Bayırbucak Türkmenlerinin yurtlarından edilmesiyle yeni bir mülteci dalgasının geldiğini hatırlatan MHP Genel Başkanıi, "Dün Türkiye'ye gelen Almanya Başbakanı Merkel'in derdi de bu mülteci sağanağına ülkemizi kalkan yapmaktır. Sayıları 3 milyona yaklaşan mülteciler Türkiye'nin sosyal, siyasal, kültürel ve ekonomik dengesini zaten olumsuz derecede etkilemiştir. Yeni bir mülteci akınının sonuçları ise daha da ağır olacaktır. AKP'nin dış politikası geri tepmiş, imha olmuştur. Bu kadar büyük bir göç hareketinin milli güvenlik ve huzurumuzu dinamitleyeceği çok nettir. AKP hükümeti mutlaka tedbir geliştirmek zorundadır. Ve bunu yaparken yabancı başkentlerin gözüyle değil, milli politikaların ve başkent Ankara'nın vizyonuyla hareket etmelidir." şeklinde konuştu.

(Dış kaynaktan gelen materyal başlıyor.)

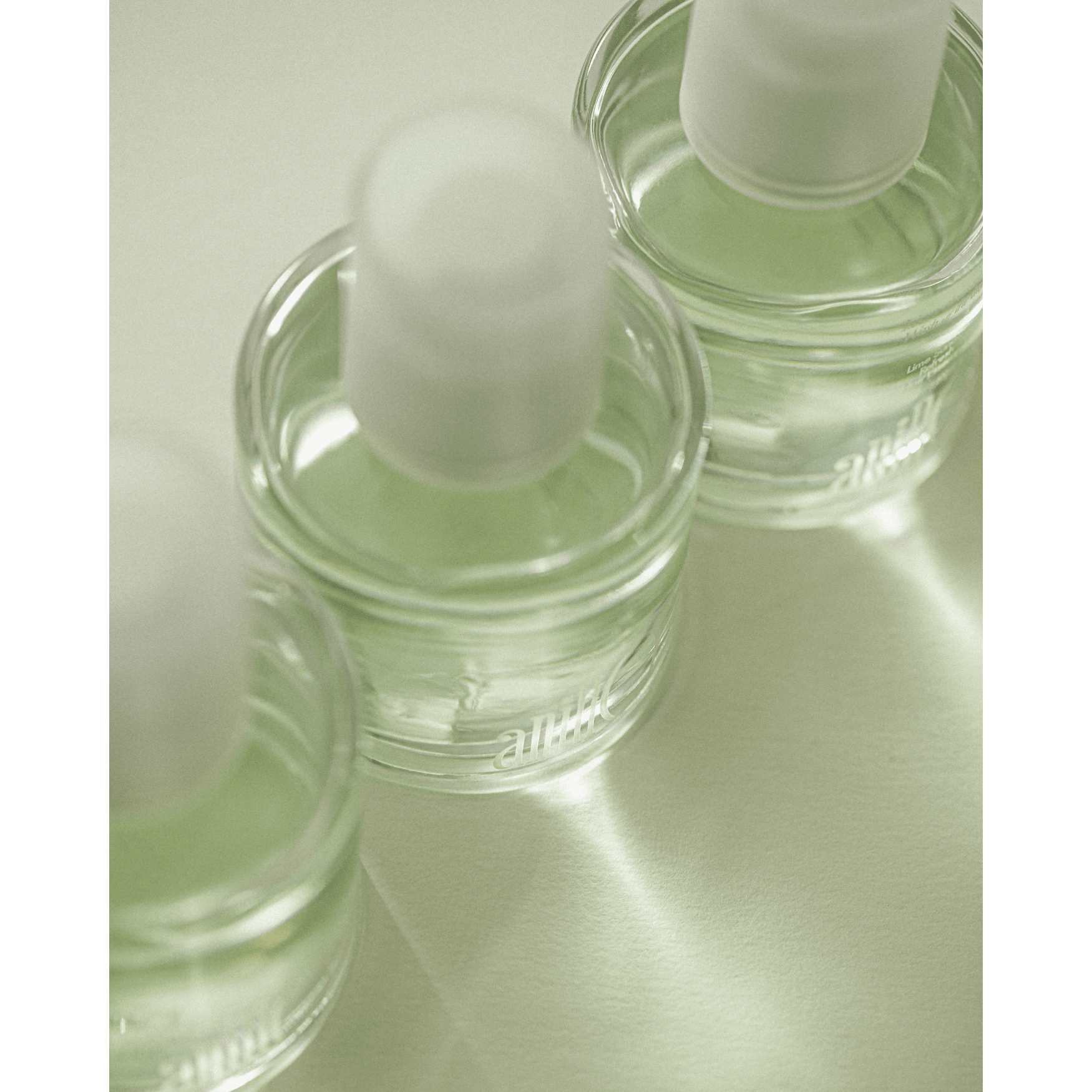 Anillo Lime Sunday Refresh Hair Essence – 50ml | Hidratación Ligera y Frescor Cítrico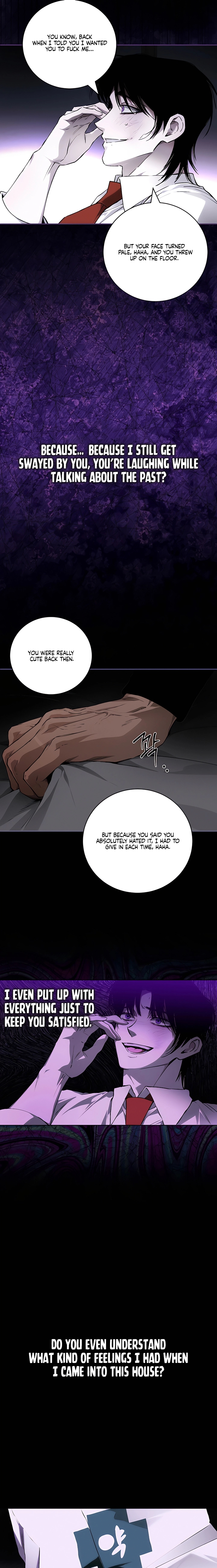 Read Die In My Arms chapter 30.2 image 4 on Lezhin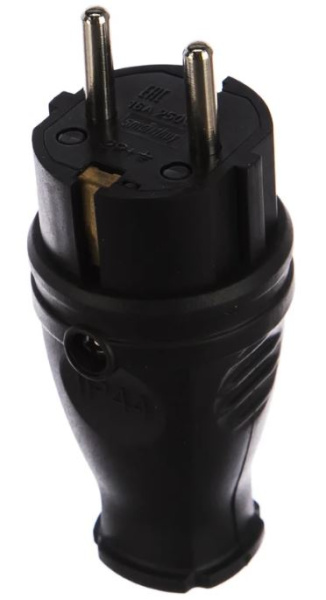 фото Вилка  SmartBuy SBE-16-P07-R в Красноярске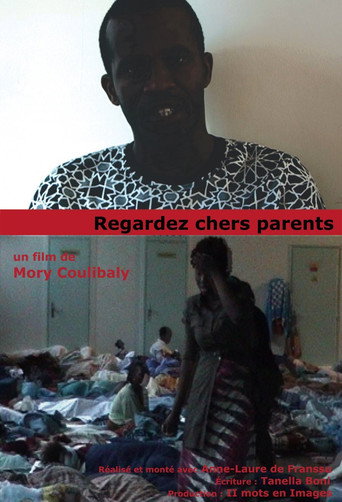 Regardez chers parents movie poster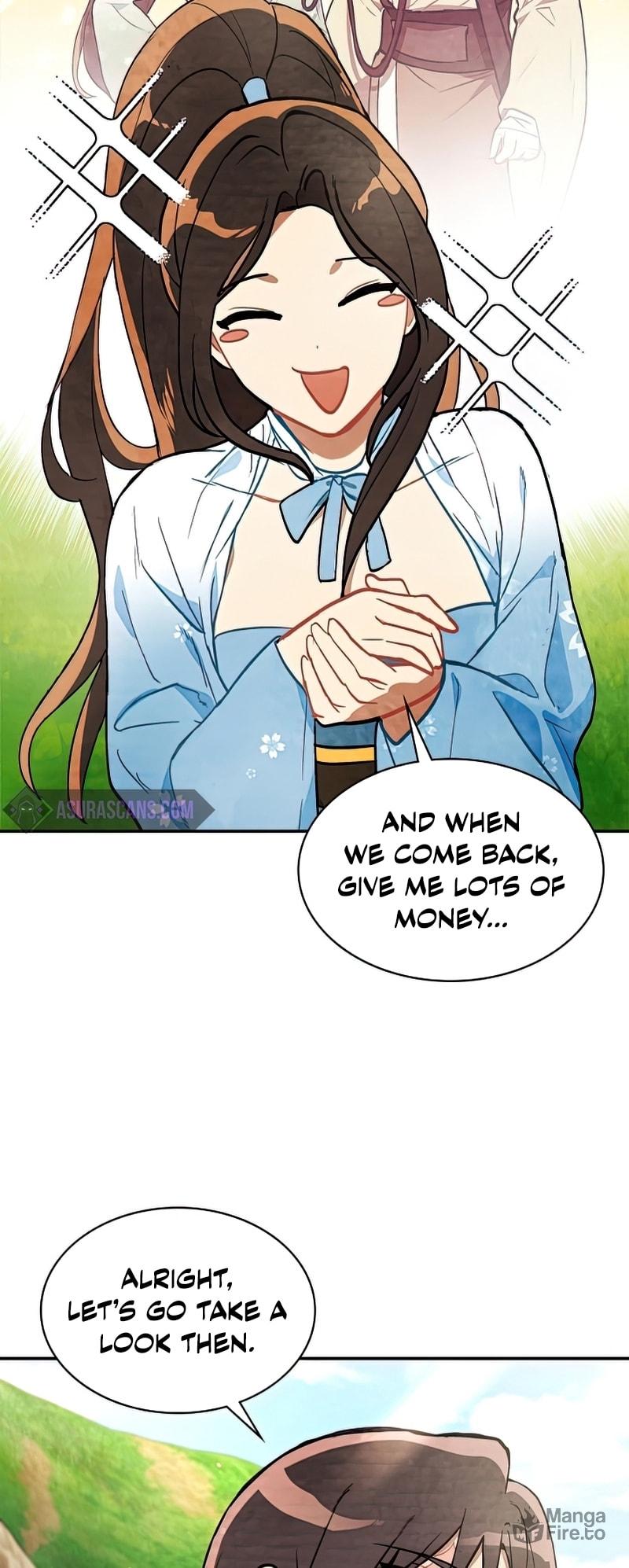 Chronicles of a Returner – Chapter 22 page 17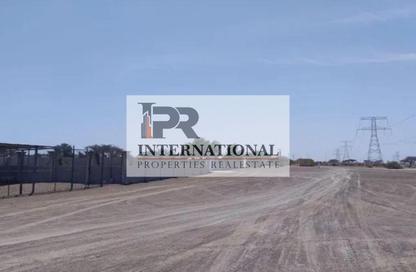 Land - Studio for sale in Manama - Ajman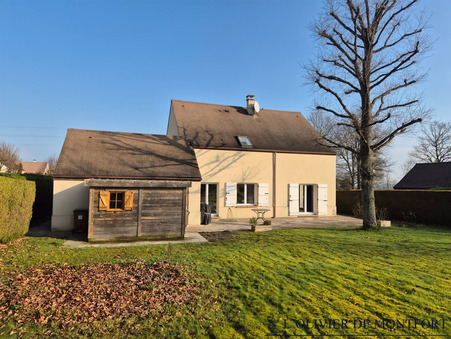 à vendre Villa de luxe MONTFORT L AMAURY 619 000 €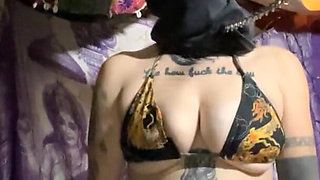 Ski Mask Out of Stock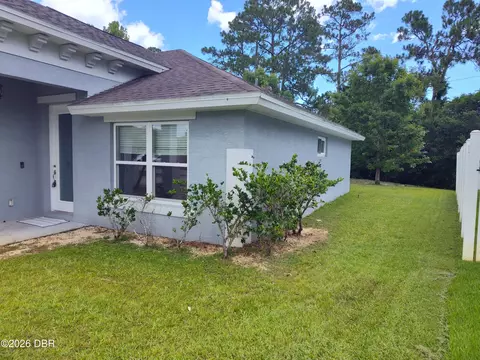 Exterior - 1425 Springleaf Dr, Ormond Beach, FL 32174 photo 4 of 8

"TARİH OKURKEN NE YAPIYORDUN, O ZAMAN DA ŞİVAN PERVER Mİ DİNLİYORDUN?"
Başbakan Davutoğlu'nun, 'Bakanlar Kuruluna baktığımda, ben bir Türkmen aşireti çocuğuyum. Sol tarafımda bir Mezopotamya çocuğu, bir Kürt çocuğu oturur, Mehmet Şimşek Başbakan Yardımcımız. Sağ tarafımda Karadeniz'den bir başka vatan evladı, Numan Kurtulmuş. Ama en uç noktada Batı Trakya'dan, Rumeli'den gelen bir Rumeli çocuğu, Mehmet Müezzinoğlu Sağlık Bakanımız."sözlerini değerlendiren Bahçeli, "Evet, bu esef verici talihsiz sözlerin sahibi Türklüğü etnik seviyeye indiren, bakanlarına etnik mercekle bakan Türkiye Cumhuriyeti Başbakanı'dır. Davutoğlu Anadolu kültürü diyor, Türk kültürünü yok sayıyor. Davutoğlu aynen bebek katilinin jargonuyla Mezopotamya halkları, Anadolu halkları diyor; Türk milletini inkar ediyor. Davutoğlu Haçlılardan, Moğollardan, emperyalizmden dert yanıyor; ama bunlara da taş çıkartıyor. Parçalayıcı ulus anlayışı yerine birleştirici millet anlayışını getireceklermiş. Sayın Davutoğlu senin dilin ne söylüyor? Varmak istediğin yer neresidir? Hiç mi sosyoloji okumadın? Tarih okurken ne yapıyordun, o zaman da Şivan Perver mi dinliyordun?" dedi.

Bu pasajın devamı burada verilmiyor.